RTP (abbreviation of Radio Televisión Popular), is a Bolivian free-to-air television channel, based in La Paz. It was launched in 1985 by Carlos Palenque and is owned by Sistema Nacional de Radiodifusión Boliviana (better known as the RTP System).

==History==
===Early years===
In 1985, Carlos Palenque, who already had a radio station (Radio Metropolitana, founded in 1979), founded the channel. The channel was created following the principles of his radio outlet: "Alternative and participative communication, presenting the fact as they happen, community services and programming according to the expectations of the people". Numerous participants spontaneously appeared in front of its cameras to express their needs and daily problems. At the time, the channel broadcast a five-hour schedule still in experimental format, from Mondays to Saturdays.

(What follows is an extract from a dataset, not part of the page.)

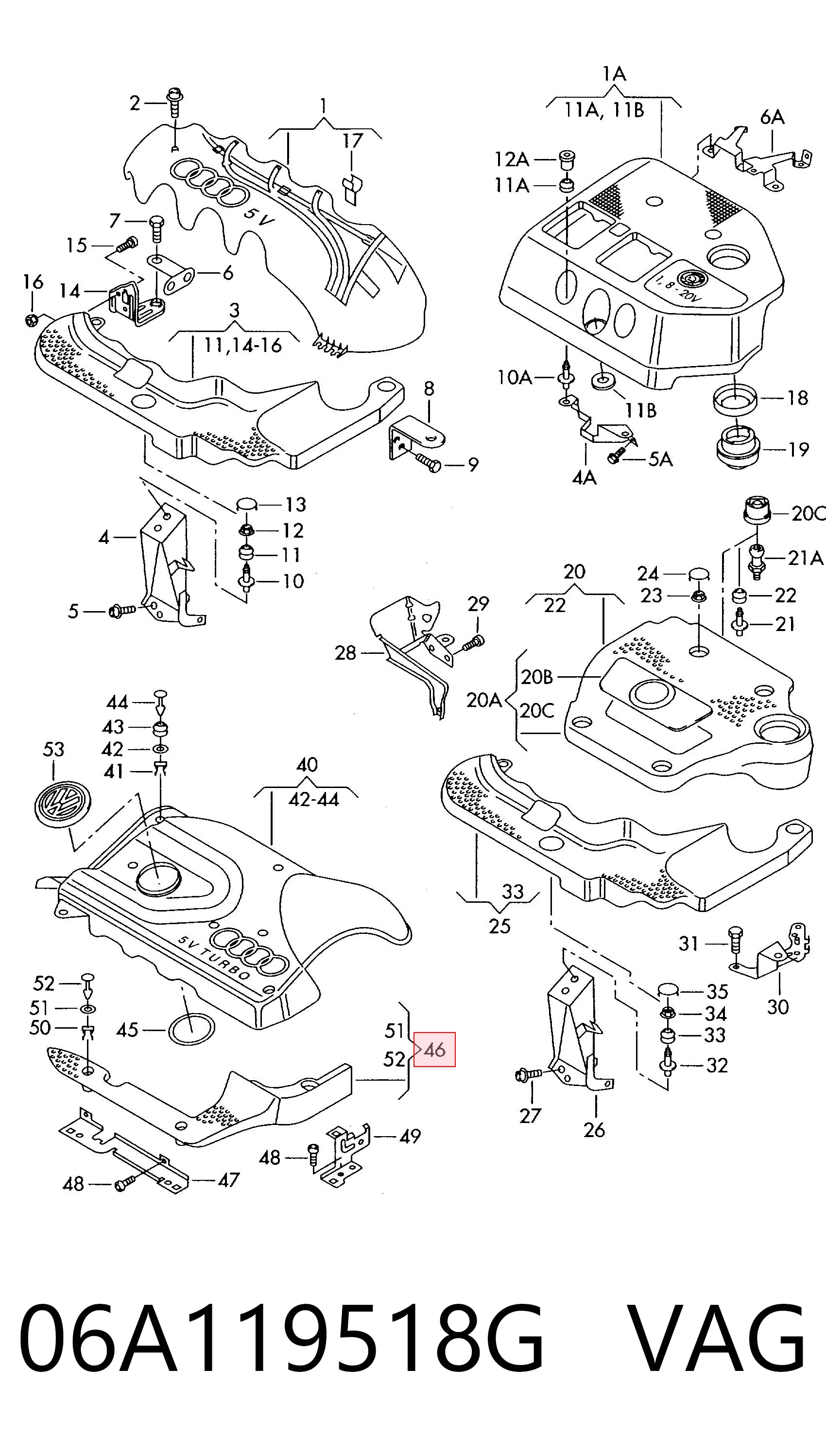 06A119518G VAG Tapa del motor decorativa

Carlos Palenque's son Jorge Luis Palenque was already working on the station in its early years, starting with programs aimed at children and youth, but within years had joined the news department.

===Closure, foundation of Condepa===
In June 1988, the government of the Revolutionary Nationalist Movement under the command of Víctor Paz Estenssoro, ordered the closure of the Metropolitana radio station and the RTP channel due to an interview with drug trafficker and self-proclaimed "king of cocaine" Roberto Suárez Gómez (who had a stance against the Bolivian government), which involved Paz Estenssoro. Roberto said that "the King is the United States and the Vice-King is Víctor Paz Estenssoro". The State considered that the interview was an apology for crime and a lack of respect for the president. Both the TV channel and its sister radio outlet Radio Metropolitana were banned for one year. In opposition, Carlos Palenque initiated a hunger strike against the decision.

The closure was rejected by press organizations. The crowd that caused the event not only forced the reopening of both stations, but also led to the founding of Condepa.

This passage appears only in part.